Troubleshooting - Possible Security Attacks!

In Dolphin 7, a new security feature was added called PHPIDS. This feature is to assist in blocking common attacks to your Dolphin website. Some of these attacks blocked are (but not limited to):

- Description: finds html breaking injections including whitespace attacks
- Description: finds attribute breaking injections including whitespace attacks
- Description: finds malicious attribute injection attempts
- Description: Detects obfuscated script tags and XML wrapped HTML
- Description: Detects common comment types
- Description: Detects comments to exploit firefox' faulty rendering and proprietary opera attacks
- Description: Detects possibly malicious html elements including some attributes
- Description: Detects classic SQL injection probings 2/2
- Description: Detects basic XSS DoS attempts
- Description: finds attribute breaking injections including obfuscated attributes

Unity Members here starting discovering that simple things that we were doing as Site Admins, such as adding HTML code to a HTML block, were causing these emails to be sent and possibly blocking your access to your site. With the many reports to the forums of this issue, below are the known ways to resolve the issue from getting these Possible Security Attack! messages.

First Option:

Navigate to your Admin Panel>Settings> Advanced Settings> Other

There you will notice to available entries to edit:

1) Total security impact threshold to send report: (This is the impact level defined to trigger an email sent to you)

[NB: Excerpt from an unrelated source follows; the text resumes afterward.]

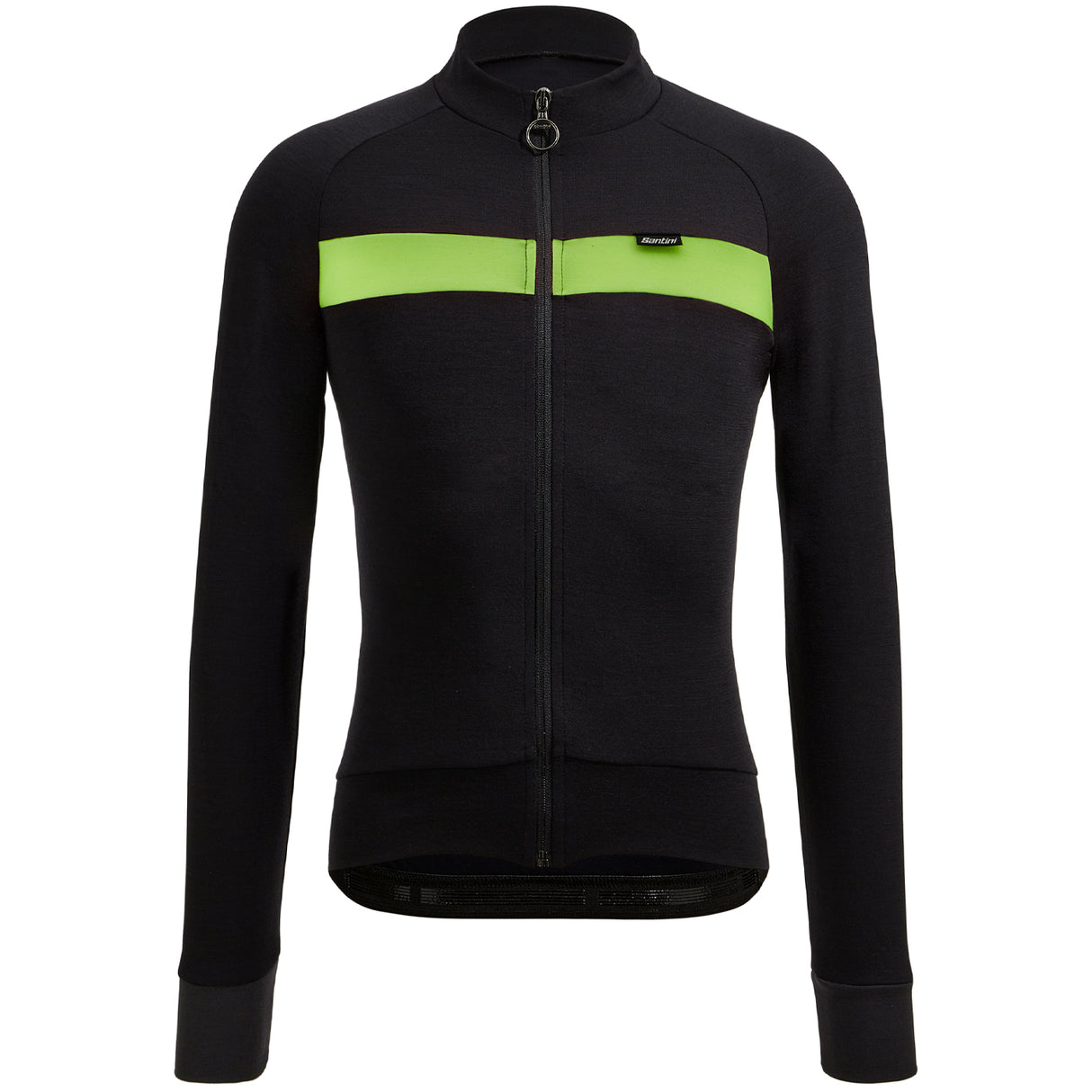 Maglia maniche lunghe Santini Adapt Wool - Verde - P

2) Total security impact threshold to send report and block aggressor: (This is the impact level defined to trigger an email AND block access to your website)

You can adjust these levels to ANY HIGHER value based upon the Total Impact: number you received in the email alert.

Example: If you receive an Possible Security Attack email with a Total Impact level of 25, you can RAISE the current level in the Total security impact threshold to send report: to 26 in order to stop receiving email from attacks on impact levels of 25 or below. Same rules apply with the 2nd impact level setting.

Second Option:

Navigate to your Admin Panel>Settings> Advanced Settings> Other

replace the current impact level values to a -1  (negative 1) for both of the following

1) Total security impact threshold to send report: (This is the impact level defined to trigger an email sent to you)

2) Total security impact threshold to send report and block aggressor: (This is the impact level defined to trigger an email AND block access to your website)

Doing the Second Option will completely disable PHPIDS and you will no longer receive Possible Security Attack messages OR risk being blocked from your site. *** By disabling PHPIDS, you understand that your site could be a risk for an actual attack.

Hope this helps everyone understand better.

Chris

Nothing to see here
Quote · 11 Mar 2010

That accually explained a lot more than I thought, we always look for the simplest solution without even understanding the results.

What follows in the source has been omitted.